We wtorek w Sejmie odbyło się drugie czytanie projektu nowelizacji kilku ustaw podatkowych, które m.in. dostosowują regulacje do aktualnej Polskiej Klasyfikacji Wyrobów i Usług z 2015 r. i mają ułatwić podatnikom wywiązywanie się ze swoich obowiązków.

Piotr Polak z PiS wymienił propozycje zawarte w projekcie i poinformował, że jego klub opowiada się za ich przyjęciem. "Zmiany zawarte w tych projektach nie mają wpływu na dochody sektora finansów publicznych bądź wpływ ich jest nieznaczny" - podkreślił.

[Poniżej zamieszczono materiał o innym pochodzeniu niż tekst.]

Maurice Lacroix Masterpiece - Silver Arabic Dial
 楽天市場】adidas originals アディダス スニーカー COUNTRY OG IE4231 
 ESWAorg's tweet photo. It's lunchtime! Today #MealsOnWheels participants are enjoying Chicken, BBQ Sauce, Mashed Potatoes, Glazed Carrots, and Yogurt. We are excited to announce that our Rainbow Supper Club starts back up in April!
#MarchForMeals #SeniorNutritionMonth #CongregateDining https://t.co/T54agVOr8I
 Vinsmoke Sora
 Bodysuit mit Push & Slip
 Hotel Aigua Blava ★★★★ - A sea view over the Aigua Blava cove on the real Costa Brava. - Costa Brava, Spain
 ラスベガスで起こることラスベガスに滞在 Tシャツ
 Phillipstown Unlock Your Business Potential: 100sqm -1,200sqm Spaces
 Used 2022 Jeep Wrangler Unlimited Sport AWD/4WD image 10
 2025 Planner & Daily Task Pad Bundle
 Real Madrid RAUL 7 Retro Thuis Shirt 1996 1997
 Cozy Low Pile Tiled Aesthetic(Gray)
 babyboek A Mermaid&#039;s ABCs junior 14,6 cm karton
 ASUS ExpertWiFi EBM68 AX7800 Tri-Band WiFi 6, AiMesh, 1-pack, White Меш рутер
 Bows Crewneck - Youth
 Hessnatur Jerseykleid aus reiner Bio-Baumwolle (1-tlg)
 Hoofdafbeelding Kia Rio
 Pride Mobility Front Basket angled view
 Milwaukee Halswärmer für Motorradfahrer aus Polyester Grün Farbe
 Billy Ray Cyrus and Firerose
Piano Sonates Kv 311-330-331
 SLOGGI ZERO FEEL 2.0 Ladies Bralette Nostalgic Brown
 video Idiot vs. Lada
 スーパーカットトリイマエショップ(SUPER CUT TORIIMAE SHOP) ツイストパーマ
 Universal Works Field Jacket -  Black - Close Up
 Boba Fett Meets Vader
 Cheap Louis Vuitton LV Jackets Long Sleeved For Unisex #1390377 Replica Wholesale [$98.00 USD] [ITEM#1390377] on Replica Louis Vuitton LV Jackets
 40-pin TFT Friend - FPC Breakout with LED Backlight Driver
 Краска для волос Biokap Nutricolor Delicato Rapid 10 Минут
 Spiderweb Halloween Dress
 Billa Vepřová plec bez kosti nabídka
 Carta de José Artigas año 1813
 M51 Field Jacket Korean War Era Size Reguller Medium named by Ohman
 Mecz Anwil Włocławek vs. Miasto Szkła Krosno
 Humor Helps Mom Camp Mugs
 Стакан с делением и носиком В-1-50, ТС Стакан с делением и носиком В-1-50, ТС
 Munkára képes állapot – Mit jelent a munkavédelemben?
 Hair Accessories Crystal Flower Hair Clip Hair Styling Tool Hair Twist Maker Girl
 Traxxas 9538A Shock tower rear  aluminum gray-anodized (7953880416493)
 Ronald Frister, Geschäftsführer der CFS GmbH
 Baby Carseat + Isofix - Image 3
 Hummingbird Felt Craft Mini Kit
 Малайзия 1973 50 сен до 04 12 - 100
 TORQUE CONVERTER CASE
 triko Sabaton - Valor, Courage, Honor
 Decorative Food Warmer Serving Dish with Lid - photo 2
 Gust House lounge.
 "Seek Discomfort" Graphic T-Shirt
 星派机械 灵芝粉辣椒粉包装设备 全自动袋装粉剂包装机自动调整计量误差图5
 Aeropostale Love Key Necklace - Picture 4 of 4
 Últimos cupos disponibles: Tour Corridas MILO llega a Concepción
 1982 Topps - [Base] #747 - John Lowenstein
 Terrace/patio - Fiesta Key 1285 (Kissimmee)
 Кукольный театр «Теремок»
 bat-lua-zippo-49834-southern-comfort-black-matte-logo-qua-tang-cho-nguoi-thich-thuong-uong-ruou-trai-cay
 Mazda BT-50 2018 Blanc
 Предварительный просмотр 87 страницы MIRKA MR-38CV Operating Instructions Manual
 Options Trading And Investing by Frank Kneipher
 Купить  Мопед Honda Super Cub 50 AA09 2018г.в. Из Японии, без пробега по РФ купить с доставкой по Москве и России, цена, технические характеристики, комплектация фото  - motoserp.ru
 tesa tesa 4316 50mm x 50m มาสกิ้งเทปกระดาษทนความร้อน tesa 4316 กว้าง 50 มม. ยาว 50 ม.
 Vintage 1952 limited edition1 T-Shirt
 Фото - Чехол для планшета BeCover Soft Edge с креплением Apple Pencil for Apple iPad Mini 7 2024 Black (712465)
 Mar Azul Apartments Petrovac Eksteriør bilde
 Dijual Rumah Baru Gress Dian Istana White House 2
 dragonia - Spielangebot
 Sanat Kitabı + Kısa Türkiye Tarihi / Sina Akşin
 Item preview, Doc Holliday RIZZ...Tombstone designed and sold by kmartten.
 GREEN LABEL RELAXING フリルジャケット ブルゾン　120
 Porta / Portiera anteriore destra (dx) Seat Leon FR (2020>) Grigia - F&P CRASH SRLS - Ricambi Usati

Reprezentująca KO Zofia Czernow zauważyła, że nowela w większości poprawia niektóre podjęte w ciągu ostatnich miesięcy ustawy, w których błędy pojawiły się w wyniku pośpiechu legislacyjnego. Jej zdaniem zamiar dostosowania przepisów do PKWiU nie budzi wątpliwości i jest konieczne, ale rodzi się pytanie, dlaczego zajęło to aż cztery lata, bowiem PKWiU weszła wtedy w życie.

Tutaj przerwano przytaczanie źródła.